Mengutip laman Kementerian Koordinator Bidang Pembangunan Manusia dan Kebudayaan, Pesonas akan diikuti oleh 2.000 atlet dari 34 provinsi. Mereka akan tampil di 12 cabang olahraga, antara lain tenis meja, sepak bola, renang, futsal, senam ritmik, dan tari daerah.
VINA OKTAVIA
Penyandang disabilitas rungu berkomunikasi menggunakan bahasa isyarat saat menyiapkan menu makanan di Dapur Dif_able, kedai makanan di Kota Bandar Lampung, Lampung, yang dikelola oleh penyandang disabilitas, Jumat (5/3/2021).
Sebelumnya, ruang berekspresi untuk penyandang disabilitas pernah disediakan Kemendikbudristek melalui Festival Seni Tanpa Batas. Festival itu diadakan pada 2019, tetapi penyelenggaraan pada tahun berikutnya terhenti karena pandemi Covid-19. Festival serupa diharapkan bisa diselenggarakan tahun ini.

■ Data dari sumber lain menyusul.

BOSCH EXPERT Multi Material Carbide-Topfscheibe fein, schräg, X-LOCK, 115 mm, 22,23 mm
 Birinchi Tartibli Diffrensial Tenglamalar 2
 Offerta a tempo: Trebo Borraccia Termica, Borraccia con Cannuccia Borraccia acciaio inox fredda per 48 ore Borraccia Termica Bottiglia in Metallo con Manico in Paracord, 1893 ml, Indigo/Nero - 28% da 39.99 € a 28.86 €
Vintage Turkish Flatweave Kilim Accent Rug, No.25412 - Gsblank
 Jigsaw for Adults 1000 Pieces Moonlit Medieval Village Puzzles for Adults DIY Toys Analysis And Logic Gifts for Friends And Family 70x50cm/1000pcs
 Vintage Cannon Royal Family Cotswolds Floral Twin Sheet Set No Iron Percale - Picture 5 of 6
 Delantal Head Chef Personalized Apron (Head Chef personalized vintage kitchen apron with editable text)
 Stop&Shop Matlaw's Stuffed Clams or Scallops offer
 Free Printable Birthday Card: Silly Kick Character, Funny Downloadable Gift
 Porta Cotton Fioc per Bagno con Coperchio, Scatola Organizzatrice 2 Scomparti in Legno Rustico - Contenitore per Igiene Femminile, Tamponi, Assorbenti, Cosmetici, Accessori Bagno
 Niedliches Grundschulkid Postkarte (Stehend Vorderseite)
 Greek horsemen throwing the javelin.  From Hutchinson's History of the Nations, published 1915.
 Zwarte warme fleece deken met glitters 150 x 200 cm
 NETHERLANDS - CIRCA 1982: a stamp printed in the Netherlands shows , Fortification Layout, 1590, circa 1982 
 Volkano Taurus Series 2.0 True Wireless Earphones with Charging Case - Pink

Menurut Hilmar, interaksi dengan penyandang disabilitas diperlukan. Hal ini membangun pemahaman sehingga Indonesia bisa dibangun dengan inklusif. ”Pada dasarnya, problem yang kita hadapi bukan pada mereka. Namun, masyarakat yang perlu lebih memahami adanya perbedaan,” tuturnya.